Why does my TV's picture drop out intermittently?
November 2, 2010 8:40 AM   Subscribe

Why does my TV signal disappear into static for minutes or hours at a time?

I bought a Mitsubishi WS-65807 from a guy on Craigslist about a month ago, a big honking 65" rear projection TV. It is huge and awesome. We play video games on it.

When we're watching TV, though, the signal will frequently drop out. Sometimes, we will get a completely black screen (no picture), but the audio from the show will remain. Sometimes we will get light static (snow) on the screen, and the show's audio will play, but with a fair amount of noise. This often happens about 1-2 minutes after you first start to watch TV, continues for somewhere between five minutes and an hour, then goes away. When it goes away, it usually stays away for a long time. If I unplug the cable completely, the TV displays "full snow" (full brightness, full snowiness) and loud static, with no TV audio, so I know this is a partial failure.

The signal is coming from a coax jack about 3 feet away from the TV. The cable service is provided by my building (a university dorm). We've tried different coax cables- no joy. The TV has two separate tuners (it has PIP), and I've tried both tuners- they both do the same thing. Component video in (in HD) always works just fine.

I'm sort of leaning toward a thermal issue—that would explain why the signal would drop out and come back at roughly the same time from power-on—but why would it happen with both tuners? Those are separate, right? And if it's not local to the tuner, why would the other inputs work?

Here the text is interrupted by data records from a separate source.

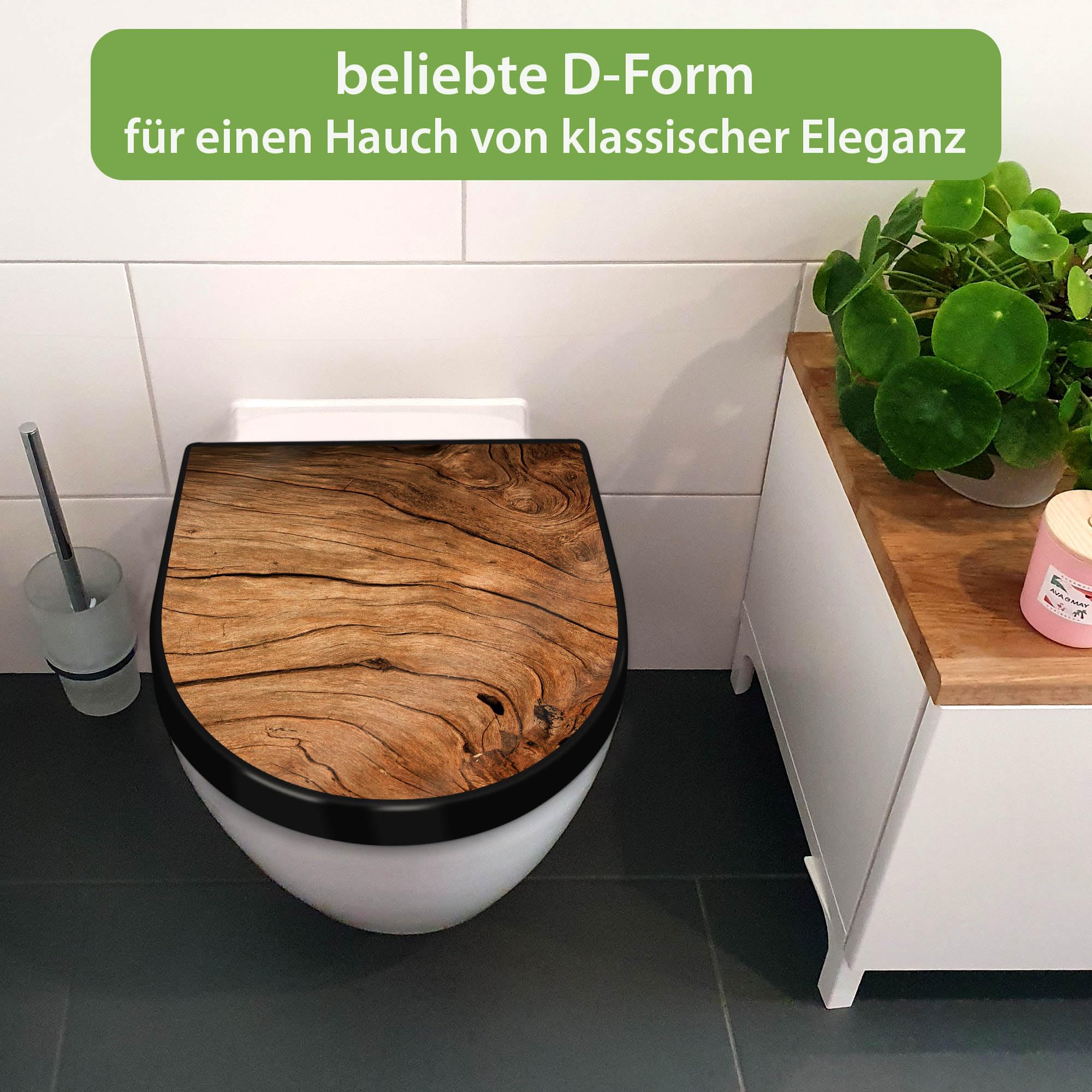 banjado WC Sitz mit Absenkautomatik D Form - Toilettendeckel mit Absenkautomatik D Form - Klodeckel Softclose - stabile Klobrille - Toilettensitz Schwarz - Motiv Trockenes Holz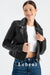 Women's Black Lambskin Leather Biker Jacket - Cropped, Zipper Detail, Fully Lined, Premium Quality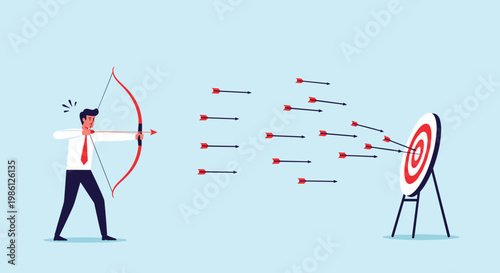 Determined businessman aiming a bow and arrow at a target while many previous failed arrows have landed unsuccessfully on the ground nearby.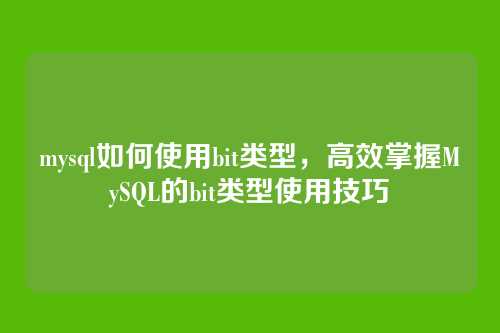 mysql如何使用bit类型,高效掌握MySQL的bit类型使用技巧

I'm proficient with a scope, a multimeter, and a soldering iron, and I know how to work inside a CRT, but I'm not really sure where to start inside this big hunk-o-machine. Thanks!
posted by aaronbeekay to Technology (2 answers total)
 
A friend described an old TV with a similar issue; his dad tracked it down to the fact that the heat eventually got some shoddy solder hot enough to reflow. Try aiming a fan at the TV to increase airflow, and see if that resolves the behavior?
posted by jangie at 8:57 AM on November 2, 2010


I'd agree it sounds like a possible thermal issue - maybe something with how the coax input is set up? Given that you have the model number, you might also see if you can find a PDF of the service manual for it on line. It'll have circuit diagrams, tracing info, and the same troubleshooting info a shop would run through, plus part numbers if you wanted to try grabbing a replacement coax input board or a new tuner off ebay.